GIVEN DATA
-*-*-

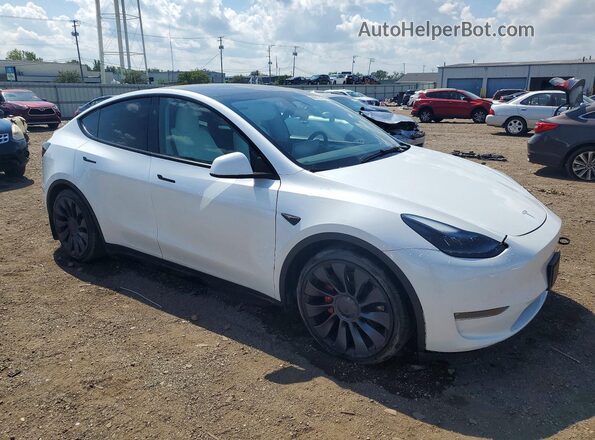 7SAYGDEF3RA299243 2024 TESLA MODEL Белый Передняя правая четверть
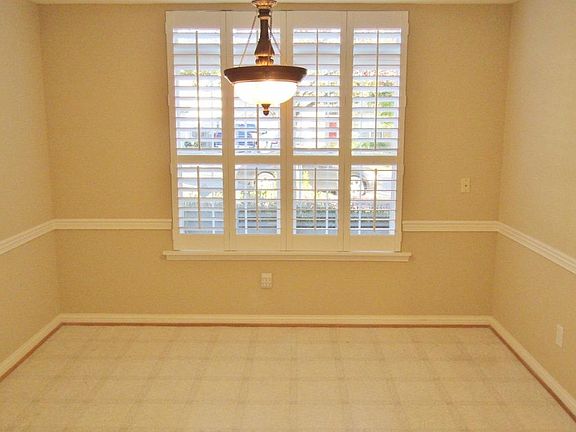 4th image of 337 Silver Creek Way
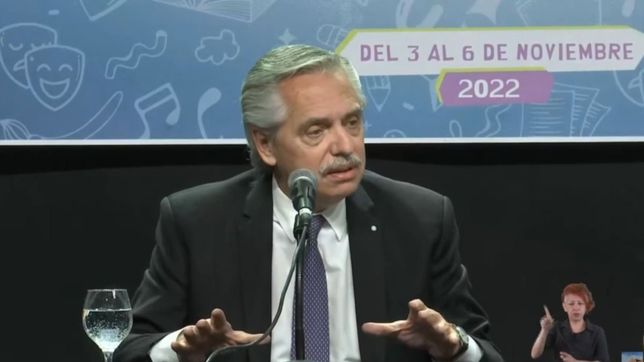 en su contraacto, fernandez llamo a la unidad para ?enfrentar a la derecha?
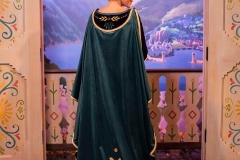 Anna aus Frozen in ihrem neuen Kleid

-*-*-

AIM OF THE TASK
Nothing but the lines from the line containing "en su contraacto, fernandez" through the end of the data, both ends included, is to be reproduced, exactly as written and without the pictures.

SOLUTION FOR THIS TASK
 en su contraacto, fernandez llamo a la unidad para ?enfrentar a la derecha?
 Anna aus Frozen in ihrem neuen Kleid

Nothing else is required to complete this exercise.